There is a third reason I would not have chosen Simon.  One has to think of one’s reputation.  What will people say?  What will they think?  Its bad enough you have an ex-publican in the head office, but a zealot too?  Even if Simon has left the movement, has he really changed his mind?  He will be suspect for a long time to come.

But thanks be to God that Jesus is wiser than we are.  He chose Simon not only to be one of his disciples, but placed him in the circle of apostles as one of the leaders of the early church.

Why am I glad?

Because the church of Jesus Christ is big enough and redemptive enough to include people from both ends of the spectrum.  The outcast and the upper-class can find a home within the family of God.  The rich businessman and the poor peasant revolutionary can both be included.  People of astounding difference are included by God, not only in the periphery of His Church, but at its very center, working side by side – united by the presence of Jesus Christ.

I am glad for another reason.  Some of us follow in the lineage of Simon.  Some of us do not easily lie down and play dead when we are bothered by the injustice of life, whether among nations, inside this country, inside the church or inside our families.   Some of God’s people appear to be tame souls who appear to be passive in the face of great evils.  But others are driven by a divine impatience to bring the future into the present, and are less circumspect about means.  Some of God’s children are driven by zeal and strong desires.  And such are always welcome to the church of God.

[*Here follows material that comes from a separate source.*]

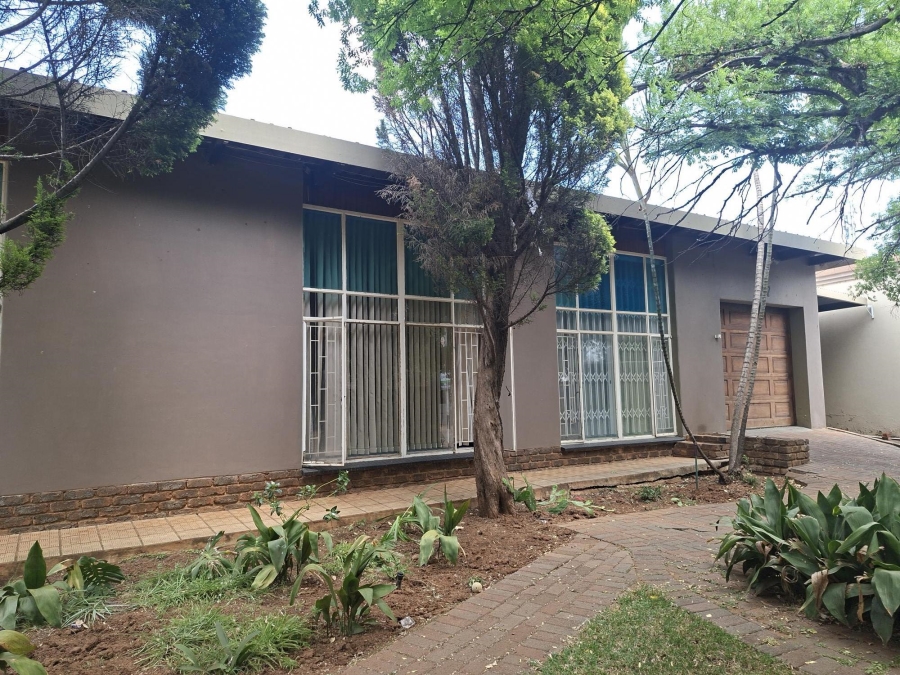 4 Bedroom Property for Sale in Sinoville Gauteng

There is a third reason I am glad that Jesus chose Simon, even though he was a bad risk.   Because that is true of us all.  God adopts a lot of problem children.  He doesn’t get access to us as soon as is ideal.  He gets some of us carrying significant hurt and with attitudes that damage ourselves and others.  But he adopts us anyway, gives us his name, and takes a chance on us.

Simon the Zealot still

But one final note about our friend Simon.  When we meet him in the Acts of the Apostles he still wears the name. “Simon the Zealot.”   His zealot days are well behind him.  Why doesn’t the early church call him by his other name, Simon from Cana?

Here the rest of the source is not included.